┌──
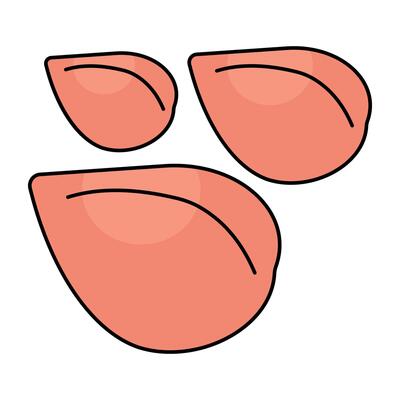 Modern design icon of almond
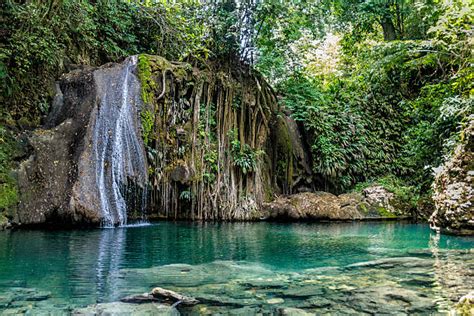 Best Temperate Rainforest Rainforest Waterfall Tropical Climate Stock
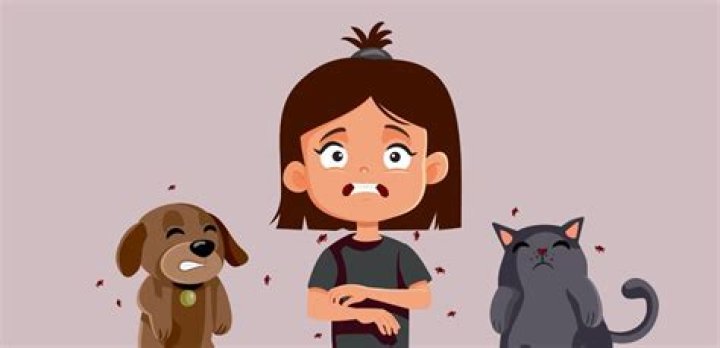 Can you set off a flea bomb with cats in the house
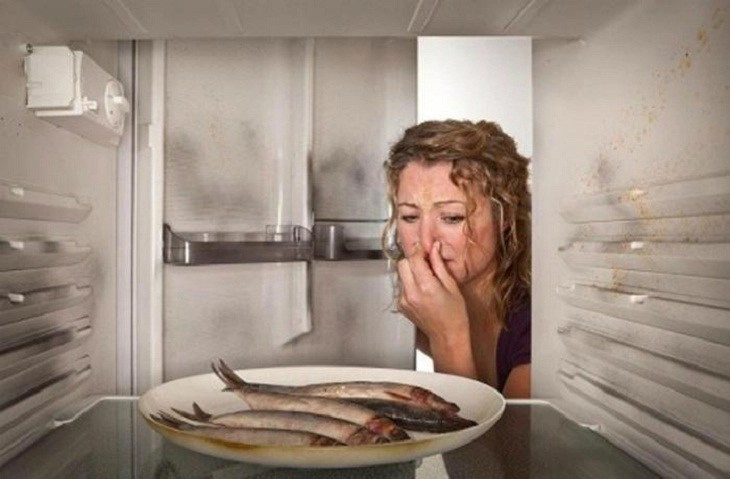 8 dấu hiệu bất thường từ tủ lạnh cần kiểm tra ngay họa đang ẩn trong nhà mà không biết - 4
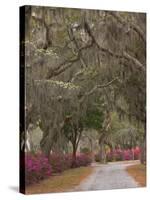 Bonaventure Cemetery with Moss Draped Oak, Dogwoods and Azaleas, Savannah, Georgia, USA-Joanne Wells-Stretched Canvas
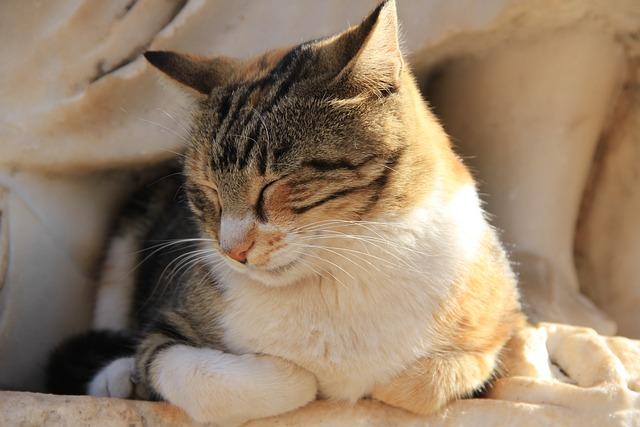 母猫生产后流血多久算恢复正常？新手养猫必看的产后知识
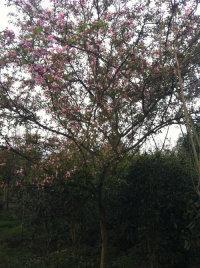 紫薇：花开似火， 夏日清凉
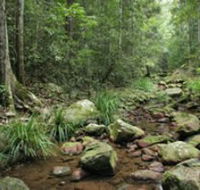 Amamoor State Forest - Redcliffe Tourism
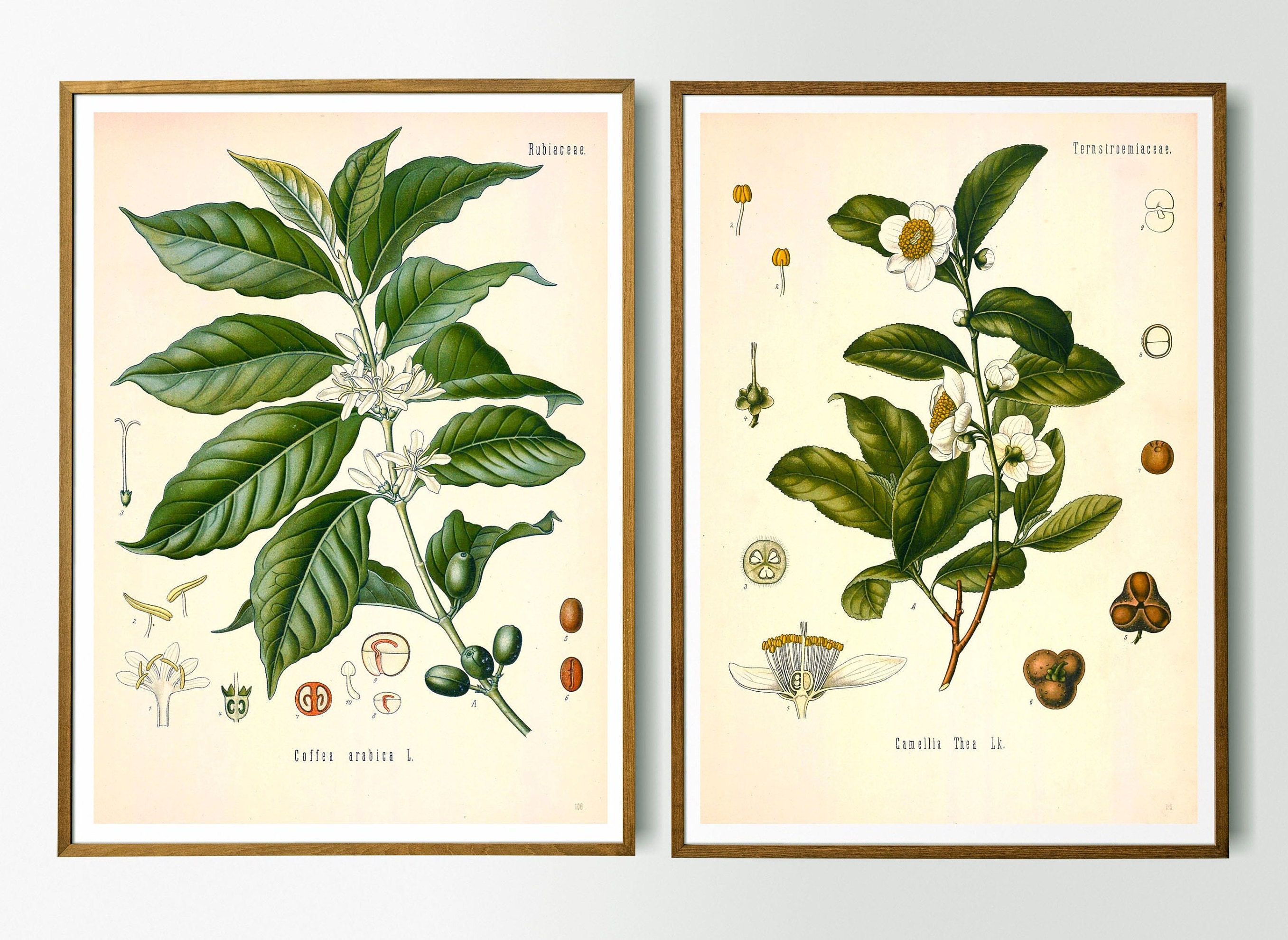 Vintage Print Set of 2 Tea and Coffee Plant Köhler's Medicinal Plants Wall Decoration Botanical Illustration Wall Decoration Wall Art Botany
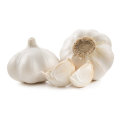 Fresh garlic 2020 wholesale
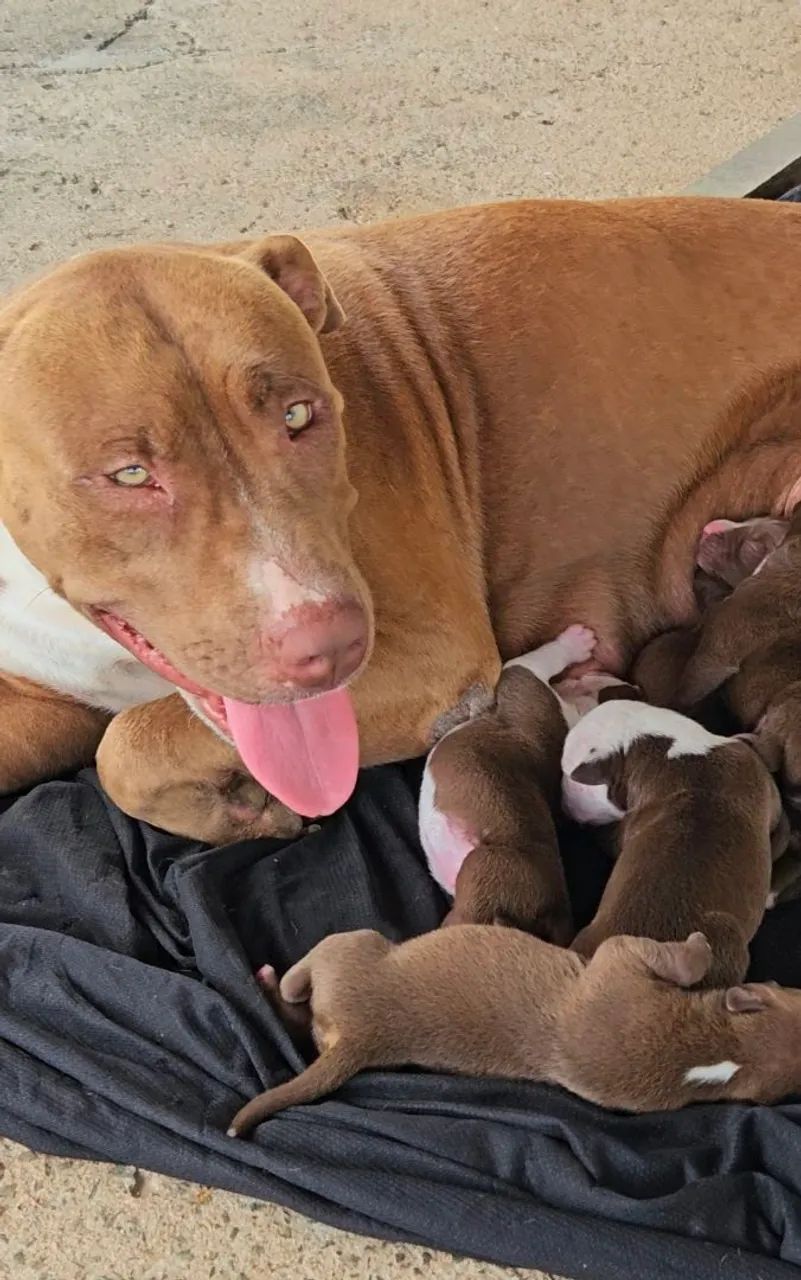 Ninhada de Pitbull disponível para reserva - Foto 3
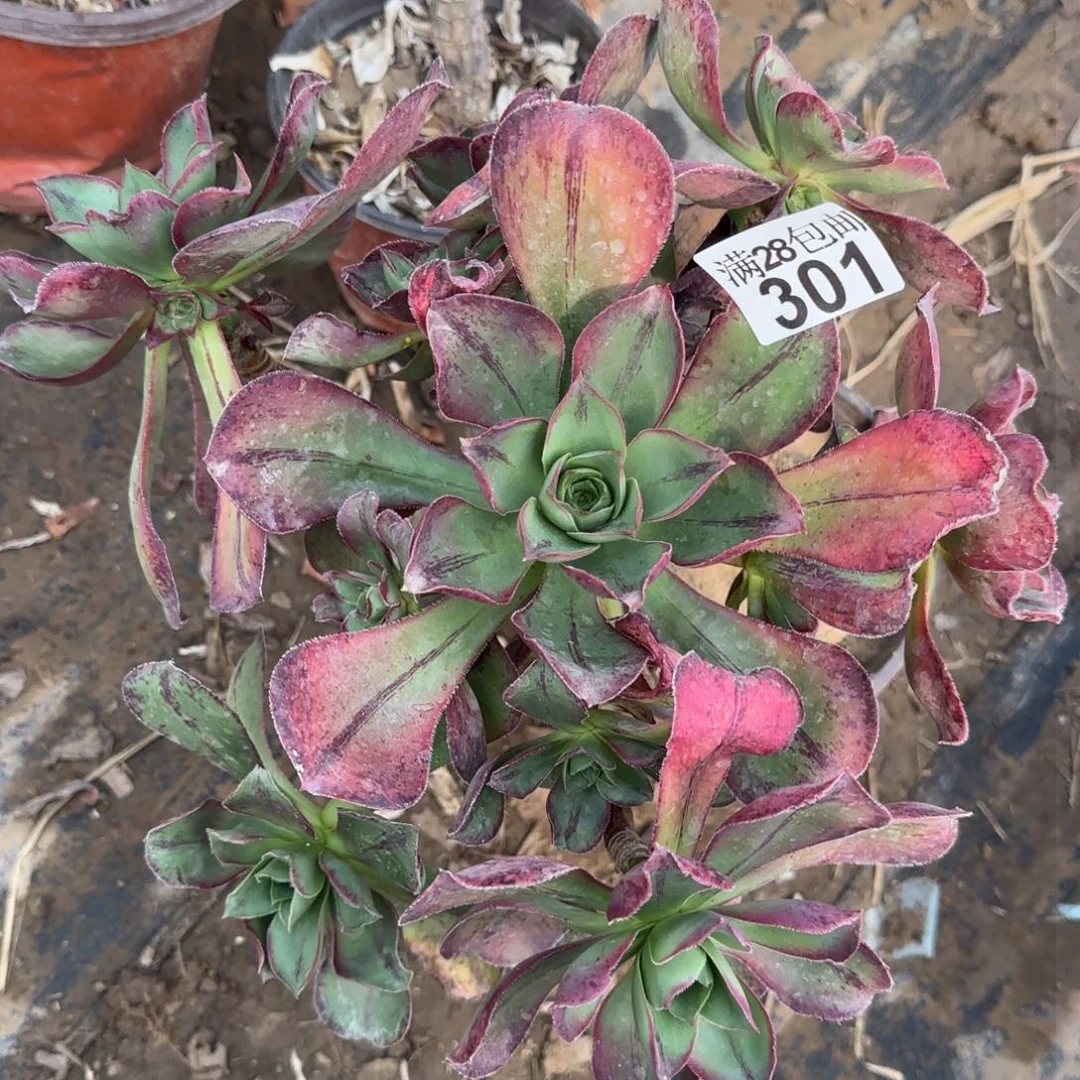 红富士多肉301满28包邮断枝不包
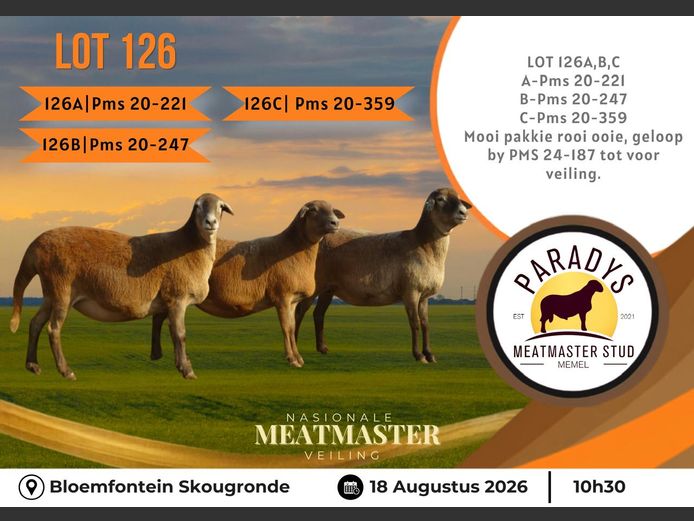 PMS 20 0221 | PARADYS MEATMASTER STOET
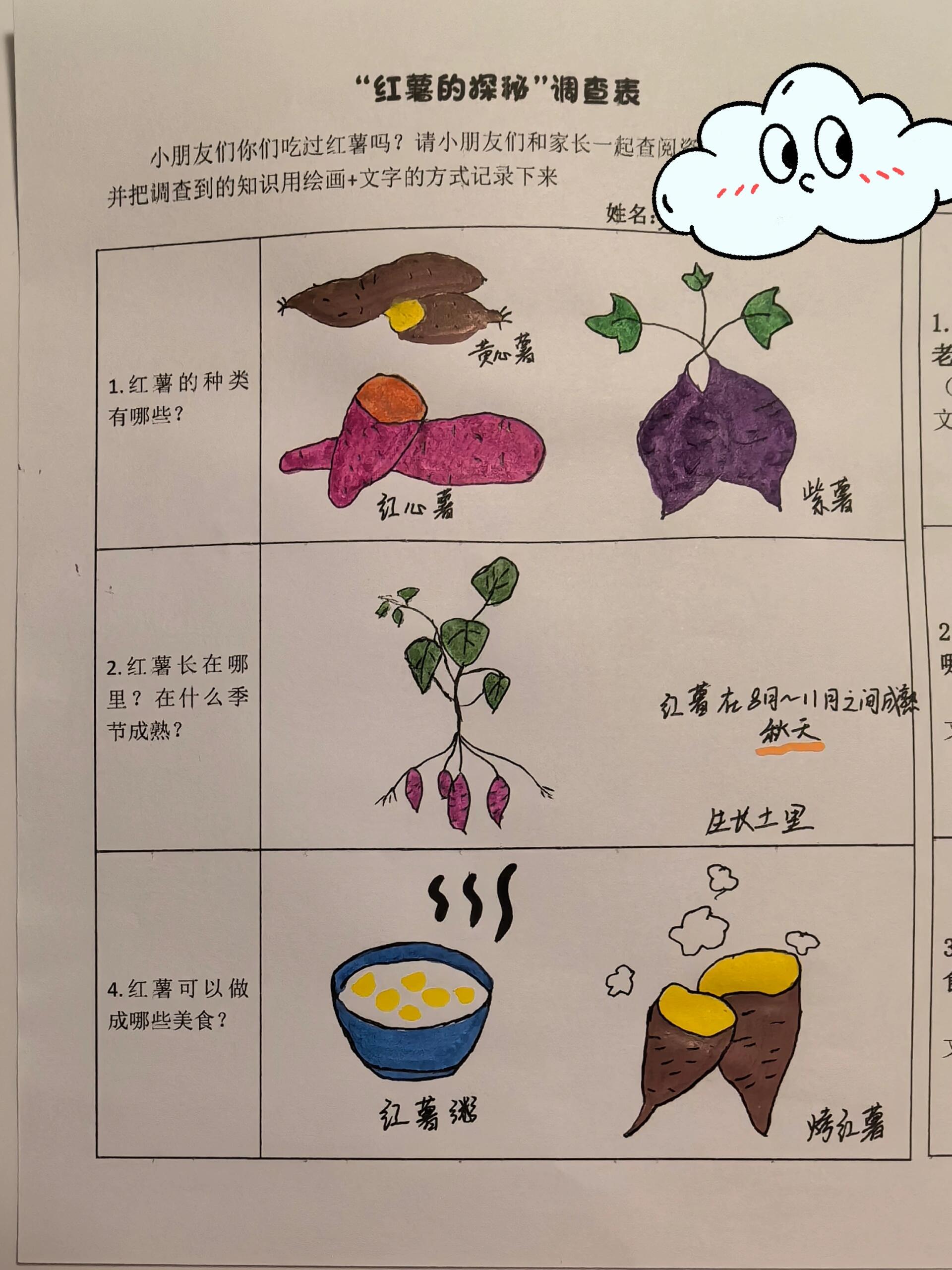 幼儿园亲子作业～"红薯的探秘"      小朋友还是不太会自己画出来的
└──
About this task
Print every line above once more, exactly. Omit the pictures.

Solution below
 Modern design icon of almond
 Best Temperate Rainforest Rainforest Waterfall Tropical Climate Stock
 Can you set off a flea bomb with cats in the house
 8 dấu hiệu bất thường từ tủ lạnh cần kiểm tra ngay họa đang ẩn trong nhà mà không biết - 4
 Bonaventure Cemetery with Moss Draped Oak, Dogwoods and Azaleas, Savannah, Georgia, USA-Joanne Wells-Stretched Canvas
 母猫生产后流血多久算恢复正常？新手养猫必看的产后知识
 紫薇：花开似火， 夏日清凉
 Amamoor State Forest - Redcliffe Tourism
 Vintage Print Set of 2 Tea and Coffee Plant Köhler's Medicinal Plants Wall Decoration Botanical Illustration Wall Decoration Wall Art Botany
 Fresh garlic 2020 wholesale
 Ninhada de Pitbull disponível para reserva - Foto 3
 红富士多肉301满28包邮断枝不包
 PMS 20 0221 | PARADYS MEATMASTER STOET
 幼儿园亲子作业～"红薯的探秘"      小朋友还是不太会自己画出来的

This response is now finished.